Ed eccoci nel tempio della casa queer: la cucina. Noooo, quando dici che le donne devono stare in cucina e ti senti il massimo dello stronzo patriarcale… Io credevo che nella casa queer la cucina non ci fosse. Invece “Lei” adorava stare ai fornelli come una sora Fabrizi: “Cucinava il risotto” (“riso e rane trionfo meneghino”, poetava quel minore di Montale).
la casa di michela murgia 1
Nella cabina armadio (urca) ci stanno ancora “gli abiti queer usati per la festa di matrimonio”, quelli bianchi firmati da Dior (accipicchia) indossati pure dallo Sgomoratto, dal cannibale Repetti e dalle pseudo scrittrici amiche sue. Ciò contrasta, in parte, con un articolo del “Corriere” che alcuni giorni fa ci informava che “il guardaroba di Murgia” sarebbe andato a “Chiara Tagliaferri” (caspita, che notizia!): ma la taglia, mi chiedo, andrà bene o si deve passare dalla sarta cinese?
Sono “momenti di non trascurabile felicità”, scrive la giornalista citando il titolo di un libro molto di moda (eh… i libretti degli pseudo scrittori li sfogliamo anche noi ignorantoni, cara Scarafia senza una f) “quando Lorenzo entra in camera da letto”: ma come, la casa queer c’ha pure ‘na normale camera da letto, letto matrimoniale a due piazze, epitome del matrimonio cattolico e borghese? Manco a tre? Manco il lettone di Putin? Per fortuna, ogni tanto in camera arriva Patrizia (che è?
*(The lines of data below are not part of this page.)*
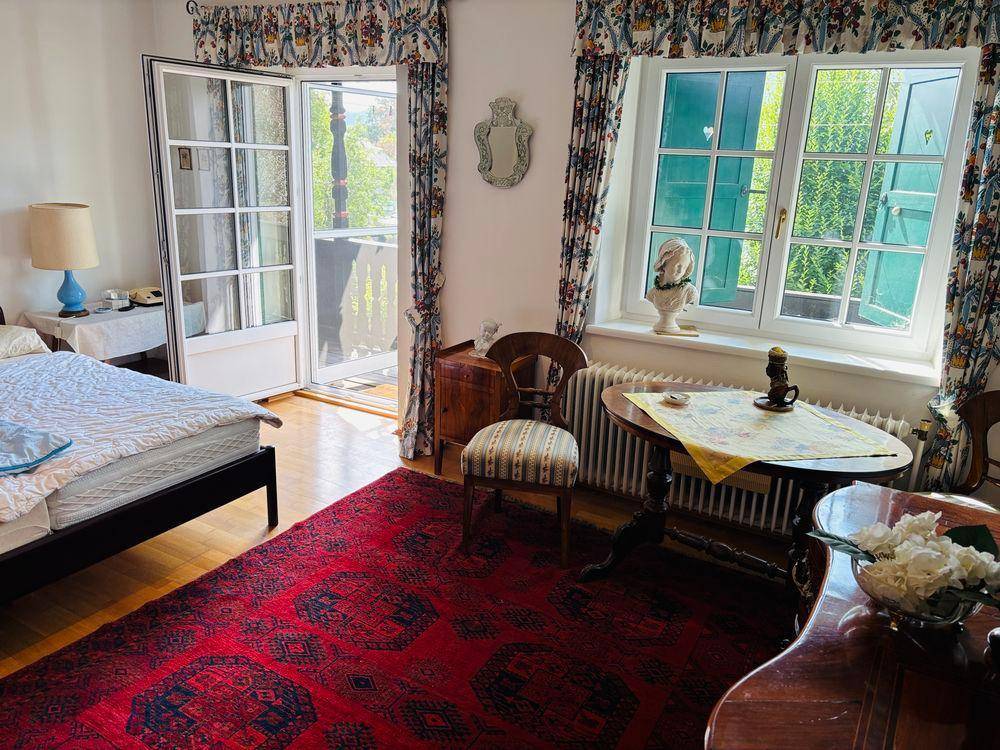 Helles Schlafzimmer mit Holzboden, traditionellen Möbeln und Zugang zum Balkon.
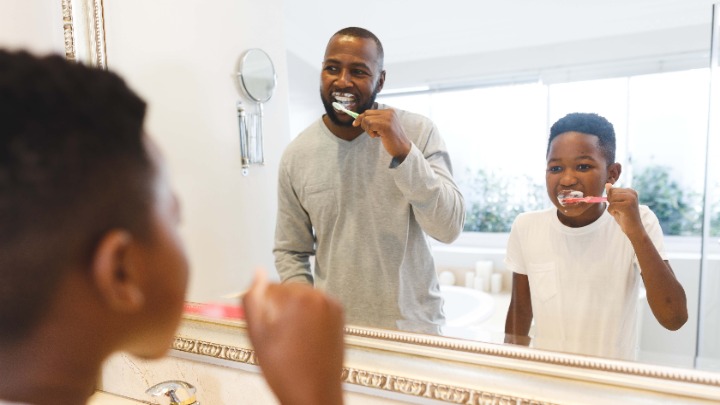 father and son brushing teeth together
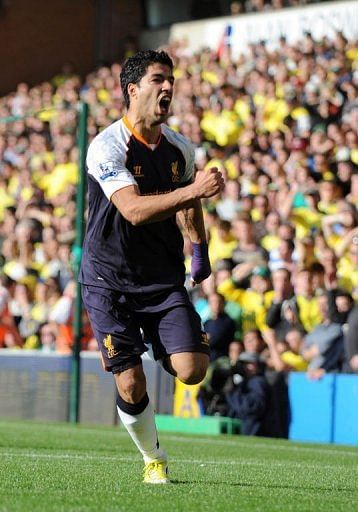 Liverpool&#039;s striker Luis Suarez celebrates scoring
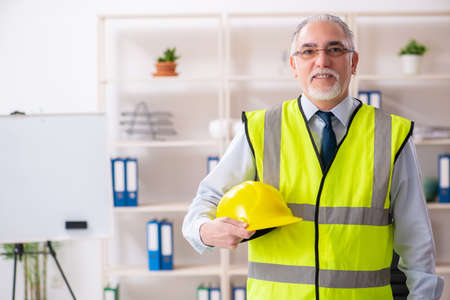 Aged construction engineer working in the officeの写真素材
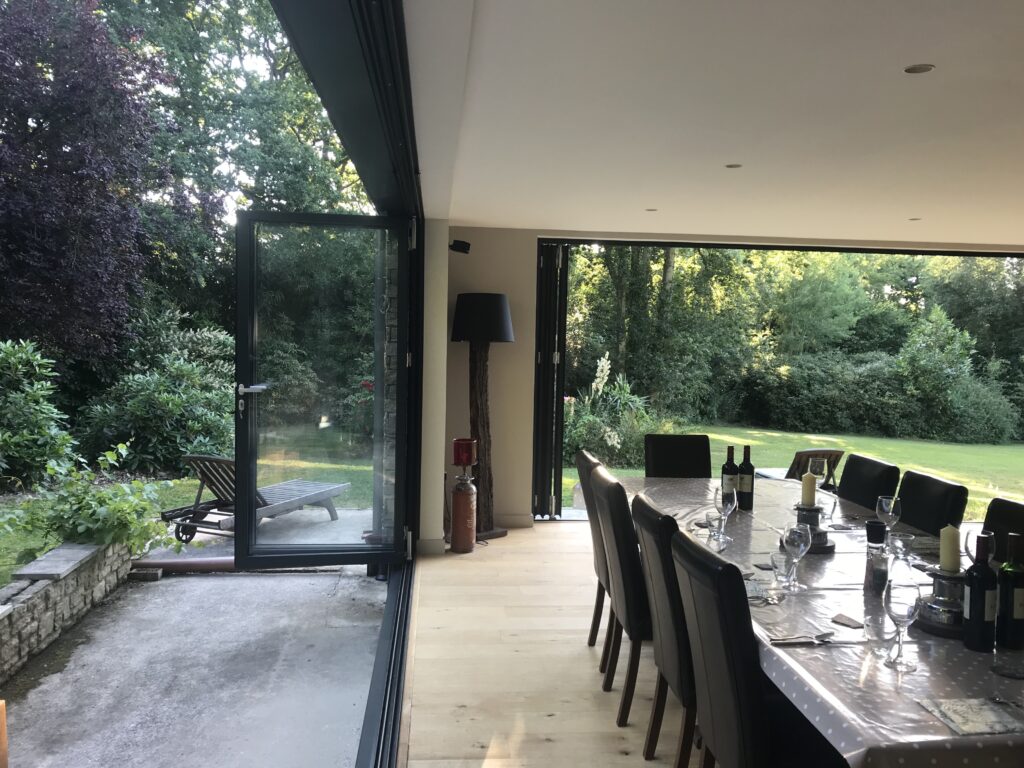 side view of folded open bifold doors next to a dining room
La domestica?) con la “biancheria lavata e stirata, perché la lavatrice nella casa dell’anima non c’è ancora”. Hai capito: pure la lavatrice voleva, l’elettrodomestico massima aspirazione delle sciurette aspiranti cittadine del Dopoguerra!
michela murgia
Nella camera ci sono letto matrimoniale e lettino, come per la famiglia Rossi quando va a fare le vacanze alla Pensione Marisa sull’Adriatico. Ma, attenzione: “Nel comodino che era di Michela – specifica Scarafia senza una f -, ora c’è il quarto volume della Recherche che Terenzi (ndr Lorenzo Terenzi, il marito) sta leggendo”. E qui siamo presi da un sussulto: ma nella casa queer sarà finito lo stesso volume che Alain Elkan stava leggendo su quel maledetto treno per Foggia? Forse è “Repubblica” che dà la copia in prestito?